More than 80 people attended the latest public meeting to discuss the future of the town landmark and how to best respond to the Environment Effects Statement (EES).
Friend of Big Hill, Malcolm Hirst urged people on both sides of the debate to apply common sense when responding to the material contained in the report.
"It seems to me that it's common sense not to want to add to the risk to the community," he said.
"It seems to me that it is common sense not to do anything that might impact on my health, your health or anybody else's health.
"It doesn't matter how small that impact may be, it's just the idea that it's not good to do harm to your fellow citizens.
"It seems to me that it's probably common sense to think about where their (Stawell Gold Mine) actually going to do this work. For the past 150 years, people have put together rules to try and separate houses from industrial type activity, they are in the planning acts, they're all over the place."

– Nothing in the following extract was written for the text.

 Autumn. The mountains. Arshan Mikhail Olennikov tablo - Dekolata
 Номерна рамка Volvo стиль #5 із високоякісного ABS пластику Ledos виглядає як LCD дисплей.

Fisher Street resident, Marion Kossowski said the prospect of the project going ahead had already heightened the level of anxiety among people in the town.
"Those of us who are passionate about saving Big Hill, and keeping Stawell as the quiet attractive town, we all love, are now dealing with stress and anxiety on a daily basis which often leads to more serious ailments," she said.
"Just before Crocodile Gold Corporation announced their shocking proposal to open cut mine Big Hill, my husband and I had decided to relocate from our home in California to Stawell with the intention to upgrade and improve our property.
"Needless to say recent events have forced us to put all our plans on hold."
Friend of Big Hill, Wendy Melbourne said aspects of Stawell's heritage and culture are under threat.
They include the Pioneers Memorial, direction indicator and Quartz Memorial.
"It is so important that we keep these things. For tourism it is very important, but on a local level it is even more important."
Mrs Melbourne said she has concerns for the structural integrity of buildings including the old court house, schools and churches erected in the late 19th and early 20th century.
"It worries me how these buildings will react to blasting and there has been a lot more houses go up in the Fisher Street area in the last 14 years."
Mr Hirst encouraged residents, regardless of their view to take the opportunity to make a submission before next week's deadline.
"We as members of the public get an opportunity to talk to the referee, the mine has spoken to the referee, now's our chance," he said.
"Just because it is 7,000 pages, doesn't make it right. Volume and quality can be two different things.
"I'm sure if I spoke to you on a face to face basis, you'd tell me what you thought, we may agree, we may disagree, but you would say something, so please say it to the referee."